One of the things I love making every summer is creamed corn. Yes, it's fattening, and yes, fresh summer corn can stand on its own without any additions. But it's so comforting and delicious, and it pairs so wonderfully with pork, I try to make it at least once a year.

It's a guaranteed man pleaser, so I like to make it when I have some boys to feed. My friends Neil and Nate came through town this weekend, so they gave me just the chance I needed! I served it with Bullock's BBQ (Durham's finest), cole slaw, green beans, biscuits and tomato pie courtesy of my friend Peggy.

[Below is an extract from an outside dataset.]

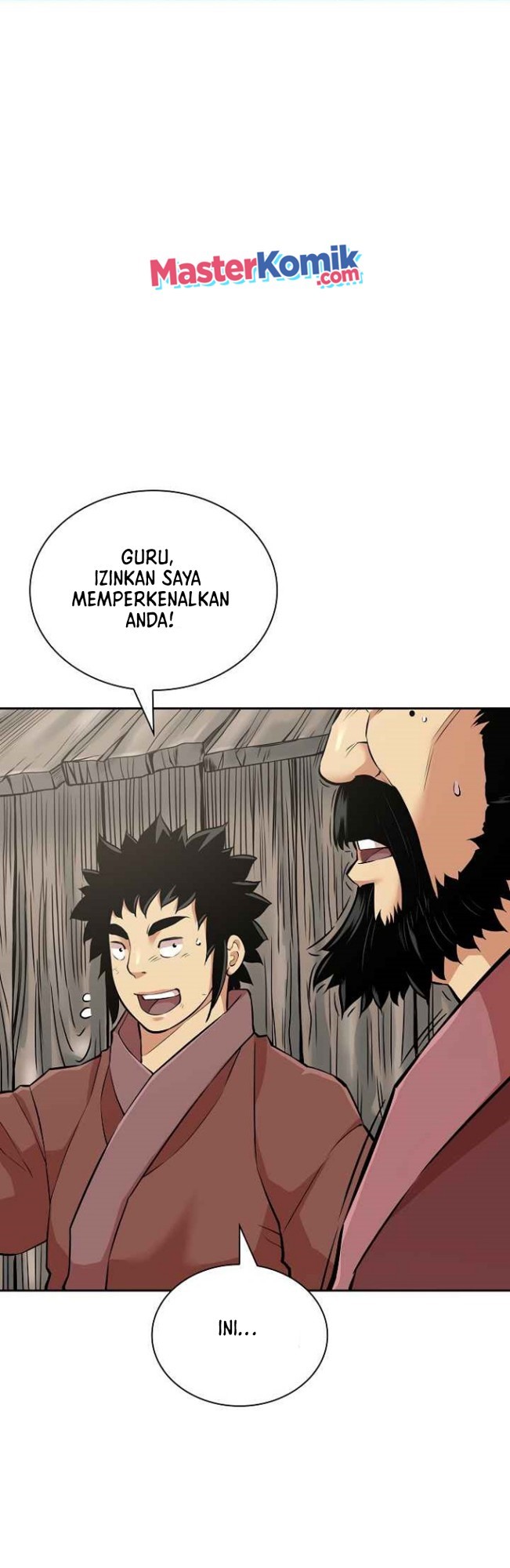 Record of the War God Chapter 124 Gambar 3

For Quincy readers, my mom has informed me that no one's creamed corn could ever be better than BoBo's, but I haven't managed to get his recipe. This version is from the Cotton Country cookbook, published by the Junior League of Morgan County, Alabama. The book was a gift from Dan Price when I worked in television in the Shoals area of that great state.

12 ears corn
1/2 cup butter (the book also says you could use margarine...can't imagine why anyone would)
2 teaspoons sugar
salt and pepper to taste
1 cup water
2 cups milk
2 tablespoons flour dissolved in 1/4 cup water

Cut corn from the cob and place in pan. Add margarine, sugar, salt and pepper, and water. Simmer gently for 15 minutes. Add milk and flour dissolved in water. Cook on medium low heat for 30 minutes, stirring to prevent sticking. If mixture becomes too thick, add additional milk or water.

Thank you, Mrs. William A. Sims, wheverever you are!


Jaime Lee Puskar said...

I want the banana pudding recipe :)

Dee Stephens said...

don't you just love JL cookbooks?!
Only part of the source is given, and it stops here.